Check out another cool blog based in Tokyo at lolsushi.blogspot.com !
It's got a lot of cool stuff about Japanese entertainment, and I guarantee it will be new info for anybody who's not connected to the right scenes in Tokyo ... including me! Hiding away in various inakas (country-sides) of Japan, I look forward to reconnecting myself with another world outside through this site.
My favorite part of the site are the videos with ... Timebomb Nick!!!
Maybe you don't know Nick, but we actually studied Japanese together at university in San Francisco, and he's a super cool guy living in Tokyo.
On the site you can find a lot of funny videos with Nick in Tokyo, or you can just go to the youtube channel at http://www.youtube.com/user/tokyogamerzed . Some games are about finding strange things in Tokyo and others about video games.
SO CHECK IT OUT!
And now ... the sword ...
That's the sound effect I use with the sword. I learned it from my aikido sensei who liked to make us laugh mid-way through wazas.
As I mentioned in previous posts, iaido is this brand new practice I'm working on and it's utterly fun and exciting in every aspect. In the last post I even wondered:
Can we have a practice that is only fun, allowing us to climb straight up the mountain without falling into depressing valleys of failure?
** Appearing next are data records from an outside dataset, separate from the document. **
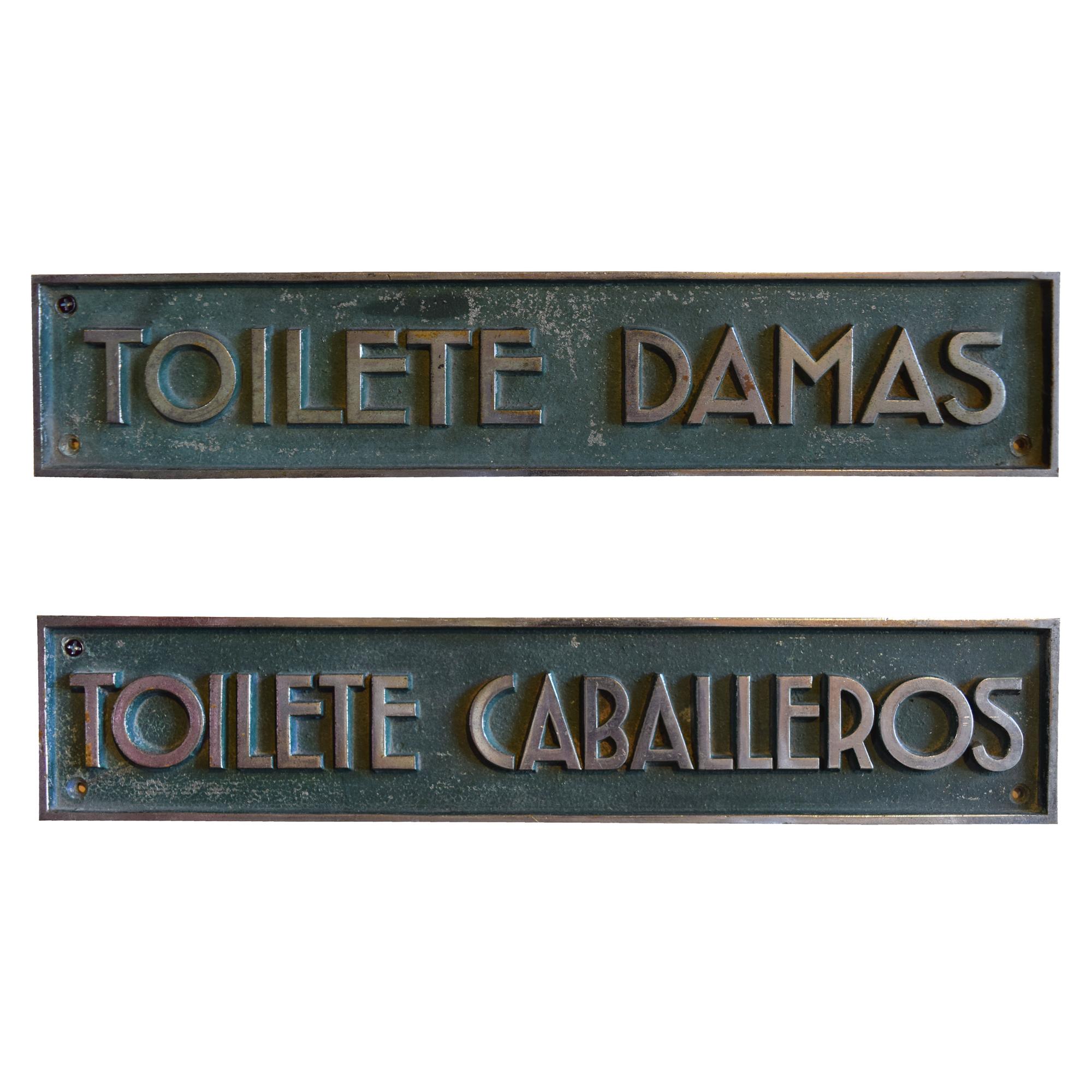 A Pair of Cast Brass and Chrome Toilete Signs 15.5" W x 3" H — Argentina, Early 20th Century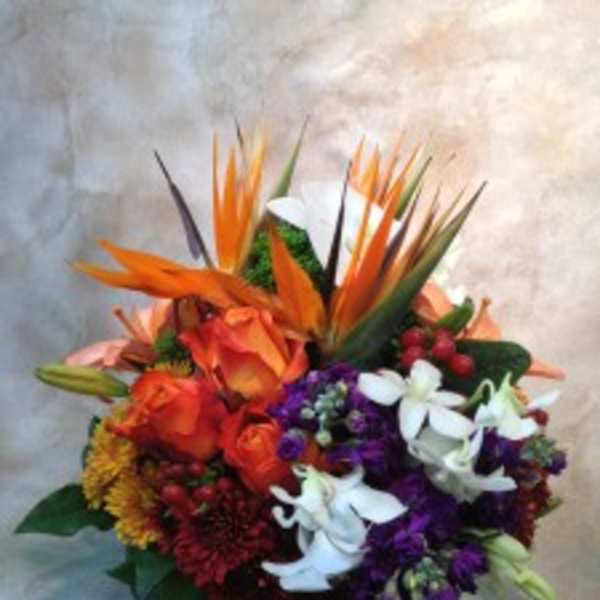 Tropical bouquet with orange birds of paradise and mixed flowers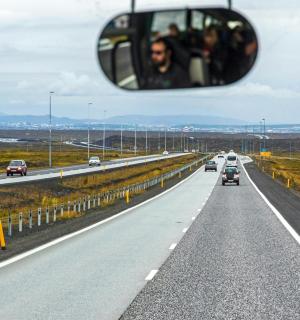 a rear view mirror of a car driving down a highway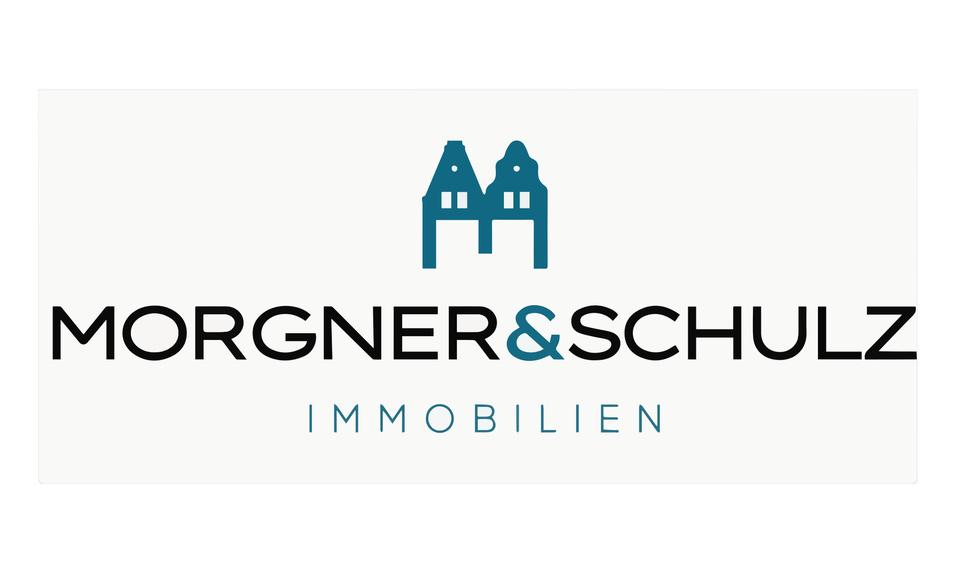 Logo der Firma Morgner & Schulz mit stilisierten H&auml;usern und dem Schriftzug &bdquo;IMMOBILIEN&ldquo;.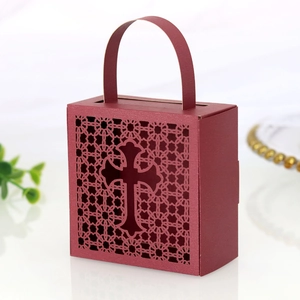 Macro detail of wine red laser-cut candy box featuring hollow cross design and handle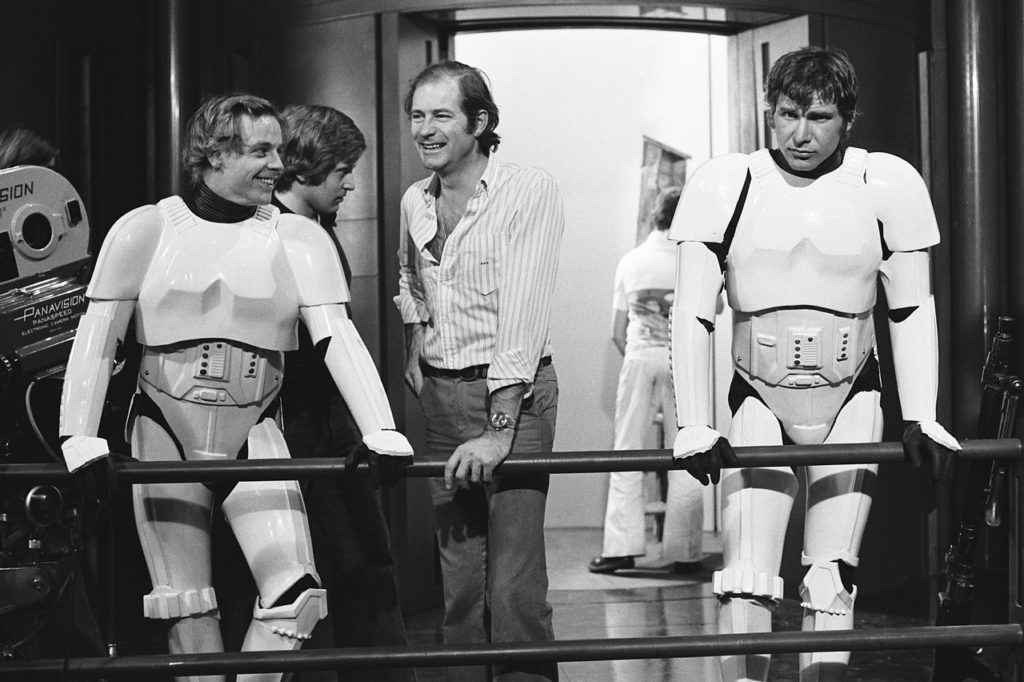 Mark Hamill and Harrison Ford take a break in their stormtrooper costumes between filming scenes for Star Wars: A New Hope.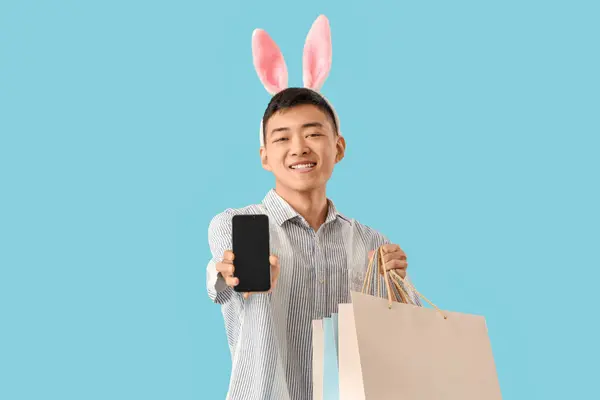 Junger Asiatischer Mann Mit Hasenohren Handy Und Einkaufstaschen Auf Blauem — Stockfoto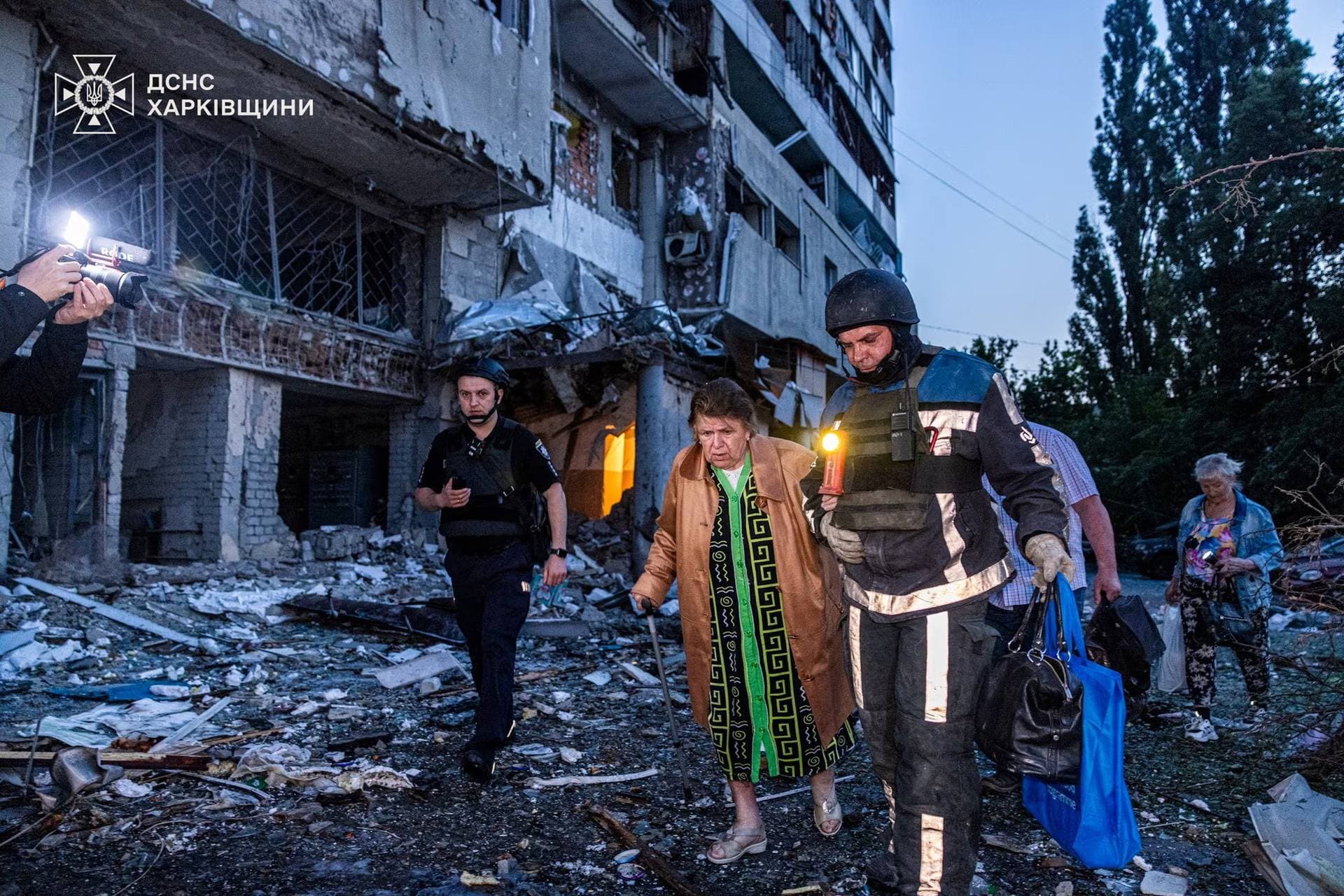 A rescuer assists a woman during an evacuation from apartment building damaged by a Russian drone strike in Kharkiv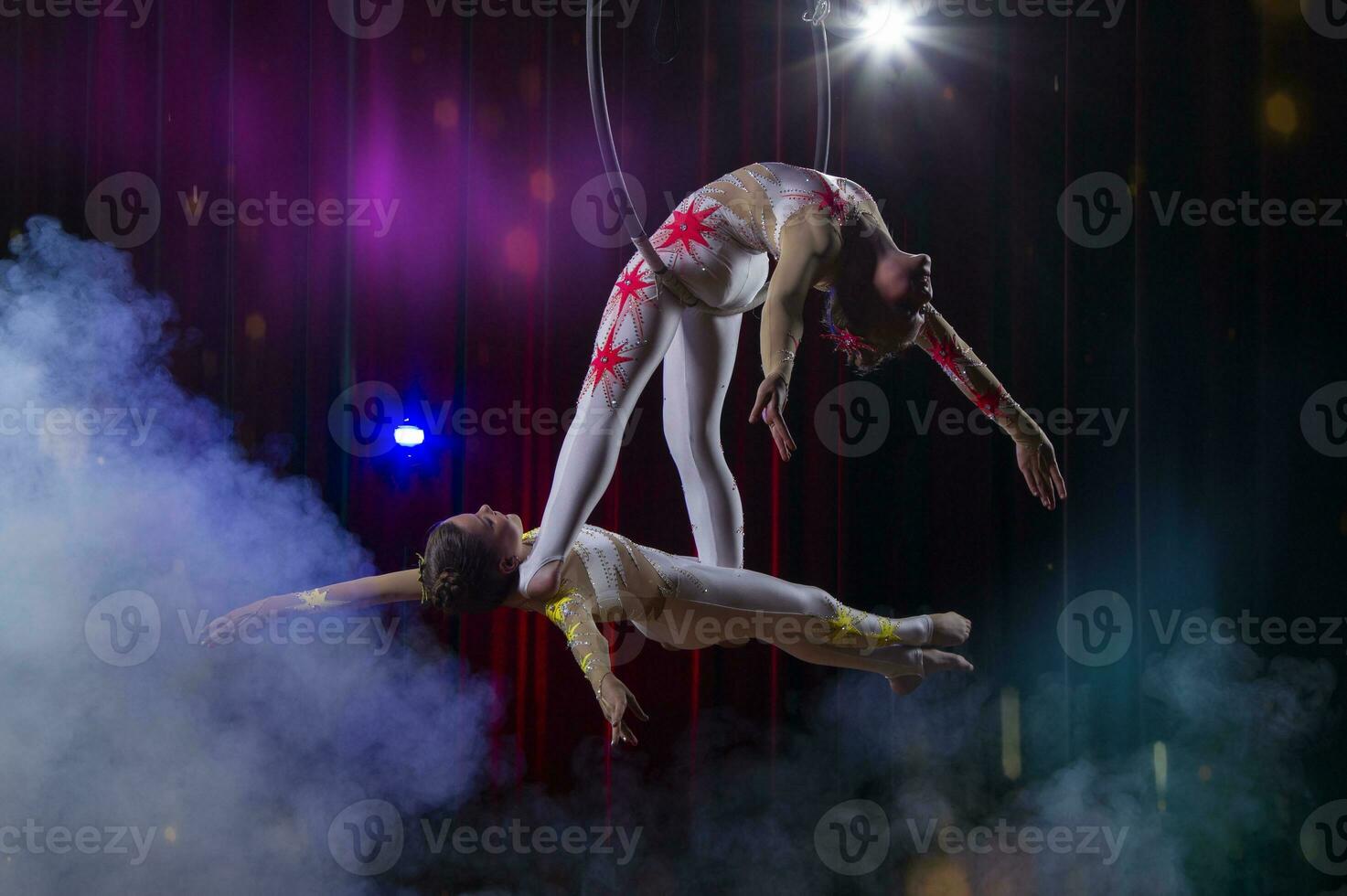 cirkus akrobater gymnaster prestera på en skede mörk bakgrund. foto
I'm not sure yet, because I just started, but I've already discovered one pitfall that may send us down to hell in our budo practice:
Until now I've been begging to get a sword so that I could practice on my own. This is hard to do with aikido because you need partners, and kyudo because you need the bow, space, and target ... but with iaido finally I have something I can practice and explore alone. (Though I'm sure doing too much without supervision will be cause for trouble ... but I don't know! I'm going to find out, and wonder how that aspect of iaido will play out ... surely it'll come up in future posts).
So I got the sword, and then I began to think ...
I began thinking about when I'm going to practice, and how I can do it for a long time everyday. That thought in and of itself isn't bad, in fact it's good and necessary ... but somewhere along the way I began making a schedule in my head. "OK, so I'll practice every morning so that I can do it everyday and get it over with before other things get in the way." That's a good idea, but I already have a morning routine that feels full with sitting for 20 minutes, followed by a shower and making breakfast, and then 30 minutes of kanji practice while drinking coffee. It's working out perfect, but I think adding anything else may disrupt the harmony I've cultivated.
What do I do?
(Starting to think ... OK, that's not a bad thing.)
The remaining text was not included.